Re: Extract numeric filed in JSONB more effectively - Mailing list pgsql-hackers

From Andy Fan
Subject Re: Extract numeric filed in JSONB more effectively
Date
Msg-id 87r0hmvuvr.fsf@163.com
Whole thread Raw
In response to Re: Extract numeric filed in JSONB more effectively  (jian he <jian.universality@gmail.com>)
Responses Re: Extract numeric filed in JSONB more effectively
List pgsql-hackers
Hi,

Here is the update of this patch.

1. What is it for?

commit f7b93acc24b4a152984048fefc6d71db606e3204 (HEAD -> jsonb_numeric)
Author: yizhi.fzh <yizhi.fzh@alibaba-inc.com>
Date:   Fri Feb 9 16:54:06 2024 +0800

    Improve the performance of Jsonb numeric/bool extraction.
    
    JSONB object uses a binary compatible numeric format with the numeric
    data type in SQL. However in the past, extracting a numeric value from a
    JSONB field still needs to find the corresponding JsonbValue first,
    then convert the JsonbValue to Jsonb, and finally use the cast system to
    convert the Jsonb to a Numeric data type.
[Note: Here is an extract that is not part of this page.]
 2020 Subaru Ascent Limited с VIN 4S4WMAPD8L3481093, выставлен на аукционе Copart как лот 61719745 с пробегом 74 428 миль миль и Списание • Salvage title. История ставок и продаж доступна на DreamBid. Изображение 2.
This approach was very
    inefficient in terms of performance.
    
    In the current patch, It is handled that the JsonbValue is converted to
    numeric data type directly.  This is done by the planner support
    function which detects the above case and simplify the expression.
    Because the boolean type and numeric type share certain similarities in
    their attributes, we have implemented the same optimization approach for
    both.  In the ideal test case, the performance can be 2x than before.
    
    The optimized functions and operators includes:
    1. jsonb_object_field / ->
    2. jsonb_array_element / ->
    3. jsonb_extract_path / #>
    4. jsonb_path_query
    5. jsonb_path_query_first

example:
create table tb(a jsonb);
insert into tb select '{"a": 1, "b": "a"}'::jsonb;


master:
explain (costs off, verbose) select * from tb where (a->'a')::numeric > 3::numeric;
                        QUERY PLAN                         
-----------------------------------------------------------
 Seq Scan on public.tb
   Output: a
   Filter: (((tb.a -> 'a'::text))::numeric > '3'::numeric)
(3 rows)

patched:

postgres=# explain (costs off, verbose) select * from tb where (a->'a')::numeric > 3::numeric;
                                                     QUERY PLAN                                                      
---------------------------------------------------------------------------------------------------------------------
 Seq Scan on public.tb
   Output: a
   Filter: (jsonb_finish_numeric(jsonb_object_field_start((tb.a)::internal, 'a'::text), '1700'::oid) > '3'::numeric)
(3 rows)

The final expression generated by planner support function includes:

1).
jsonb_object_field_start((tb.a)::internal, 'a'::text) first, this
function returns the internal datum which is JsonbValue in fact.
2).
jsonb_finish_numeric(internal (jsonbvalue), '1700::oid) convert the
jsonbvalue to numeric directly without the jsonb as a intermedia result.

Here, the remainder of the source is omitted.